The film succeeds in sharpening the viewer’s attention to the finer shades already surrounding them, revealing an invisible algorithmic structure that supports global communication. The credit it gives Herbert feels earned, measured against the endurance of his impact. Still, the work remains affectionate, and it remains controlled by its subject’s hunger for a particular legacy.
What emerges is a lucid history of a major innovation, filtered through the determined memory of the man who made it. Even at the end, a question lingers in the air. A system built to fix meaning can still be carried by a voice that trembles, edits, and chooses. The numbers hold steady. The person behind them stays partially unresolved.
The documentary The King of Color tells the story of Lawrence Herbert, the man who forever changed the world of design and manufacturing by inventing the Pantone Matching System (PMS).

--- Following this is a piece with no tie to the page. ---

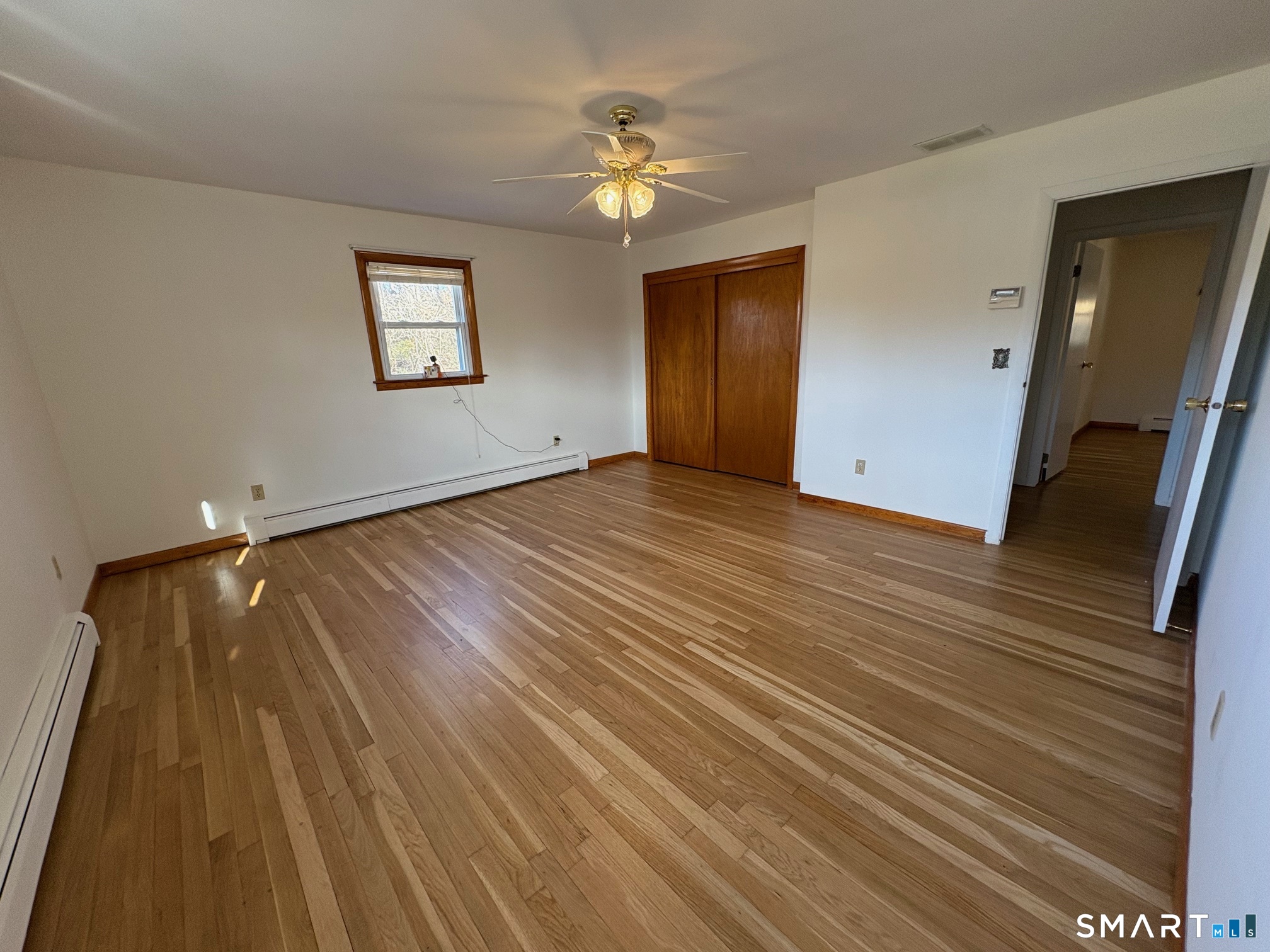 967 Derby-Milford Road Orange, CT 06477 - Photo 17 of 24 a view of an empty room with wooden floor and a ceiling fan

The film premiered at AFI Fest in late 2025 and began its limited theatrical run in the United States on December 12, 2025, distributed by Picturehouse. Focusing on Herbert’s life from his Depression-era Brooklyn childhood to his revolutionary work in standardizing color, the film uses intimate interviews and vibrant animation to explore how a simple idea brought coherence to the chaotic landscape of global color reproduction. As of today, December 15, 2025, the film is playing in select theaters in major markets, with a DVD and Blu-ray release anticipated in February 2026.
Full Credits
Title: The King of Color
Distributor: Picturehouse
Release date: December 12, 2025 (Limited Theatrical Release)
Rating: PG
Running time: 82 minutes
Director: Patrick Creadon
Writers: Patrick Creadon, William Neal, Julia Szormba
Producers and Executive Producers: Christine O’Malley (Producer), Adam L. Lawrence (Associate Producer), H. Nelson Tracey (Associate Producer)

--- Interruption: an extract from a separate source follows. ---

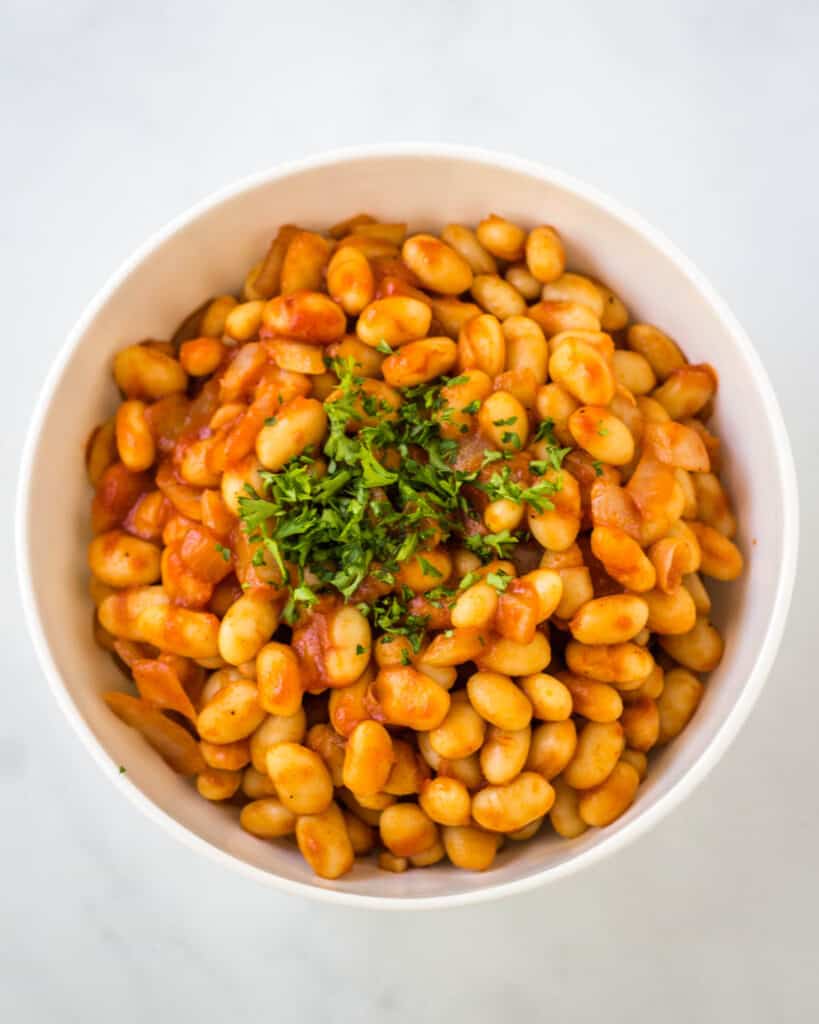 beans in bowl topped with parsley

Cast: Lawrence Herbert, Lisa Herbert, Michele Herbert
Director of Photography (Cinematographer): Sam Painter
Editors: William Neal, Julia Szormba
Composer: Alex Mansour
The Review
The King of Color
This is an insightful, swiftly paced biographical film that reveals the existential order underlying our visual world. The documentary successfully elevates Lawrence Herbert from obscurity, detailing the profound complexity of his standardization system. While the narrative is undeniably controlled, possessing the slightly self-serving hue of a requested memoir, it finds human depth in the subject’s traumatic past and personal failures. It is a necessary, albeit hagiographic, portrait of a man who coded the chaos of color into a universal lexicon.
PROS
- Successfully reveals the pervasive, yet uncredited, influence of the Pantone system on global industry and culture.
- Uses graphics and animation effectively to make complex printing and color chemistry concepts accessible.
- The film is strengthened by the inclusion of Herbert's midlife crisis and his reticence about his traumatic Korean War service.
- At around 80 minutes, the film is a smart, swift watch that keeps the viewer engaged.
CONS
- The portrait is self-instigated and affectionate, feeling at times like an "official portrait" that lacks controversy.
- Relies heavily on Lawrence Herbert's self-serving, potentially hyperbolic personal recollections.
- Focuses more on the man and the process than on the philosophical or emotional impact of color itself.
- Some of the granular, technical explanations remain dense for viewers without a science background.